Some EU countries are considering proposals that would "fragment the EU’s carbon market, reducing its efficiency and lead to competitive distortions," according to a new position paper published Wednesday by the IETA.
The association is calling on EU member states to reconsider introducing national carbon floor prices and to focus instead on supporting the EU Emissions Trading System’s role as the primary tool for emissions reductions.
"The major reforms adopted last year are still in the process of implementation," says Dirk Forrister, IETA’s CEO.
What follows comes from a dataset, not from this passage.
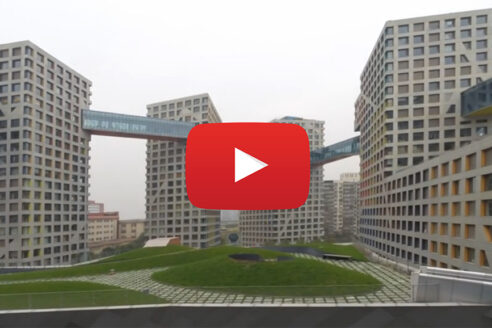 Linked-hybrid-holl-visit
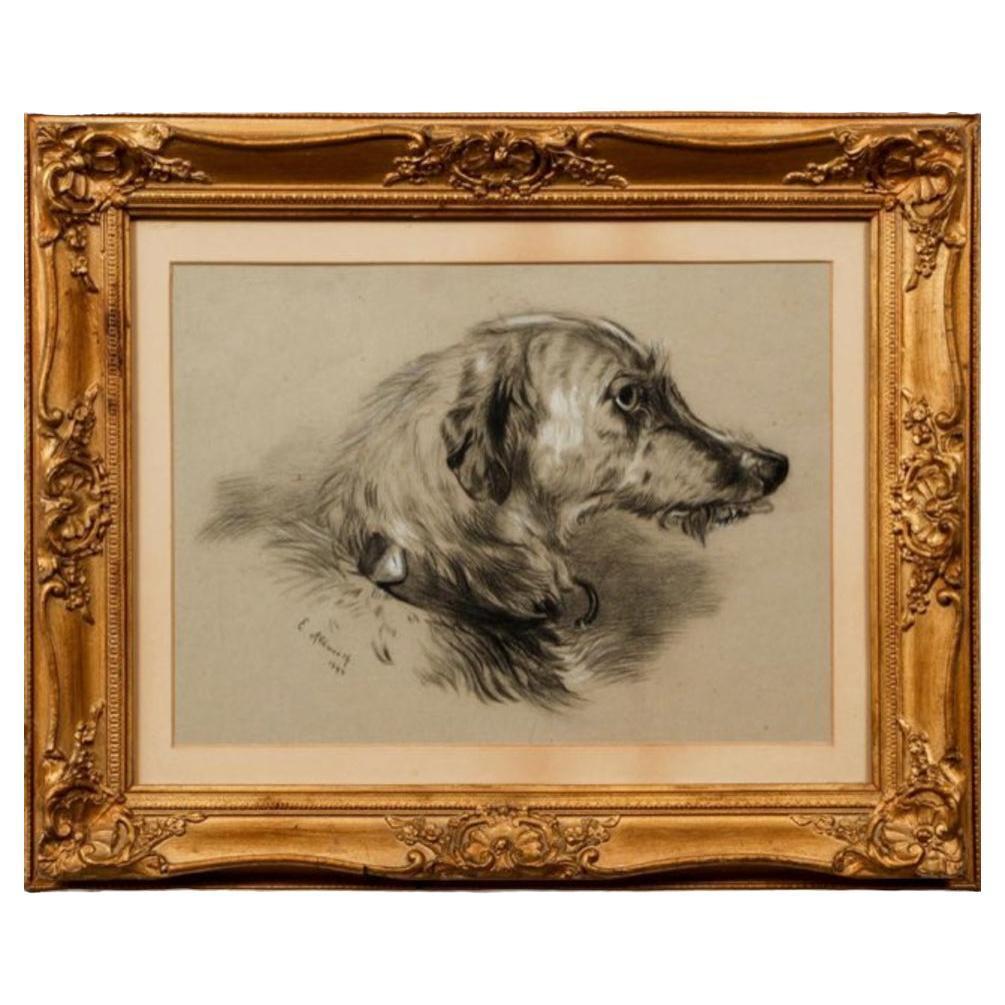 Late 19th Century Framed Charcoal & Gouache Drawing of Russian Wolfhound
"It’s important that those decisions be allowed to work before adding more layers of policy. Floor prices aren’t needed when you have an operational Market Stability Reserve (MSR) that automatically adjusts supply," he stated.
"The MSR, which will begin to operate in January, will withhold from the market 24 percent of the calculated oversupply each year from 2019-2023, and 12 percent of the surplus each year thereafter. The European Commission estimates that the reserve will remove around 397 million EU Allowances from circulation in 2019," the IETA highlighted.
Under a national floor pricing mechanism, a country could set a minimum price for emissions that may or may not be higher than the EU ETS market price.
During the four-year legislative process that produced the ETS reform package, EU leaders considered and rejected an EU-wide floor pricing option, instead selecting the MSR as a preferable policy.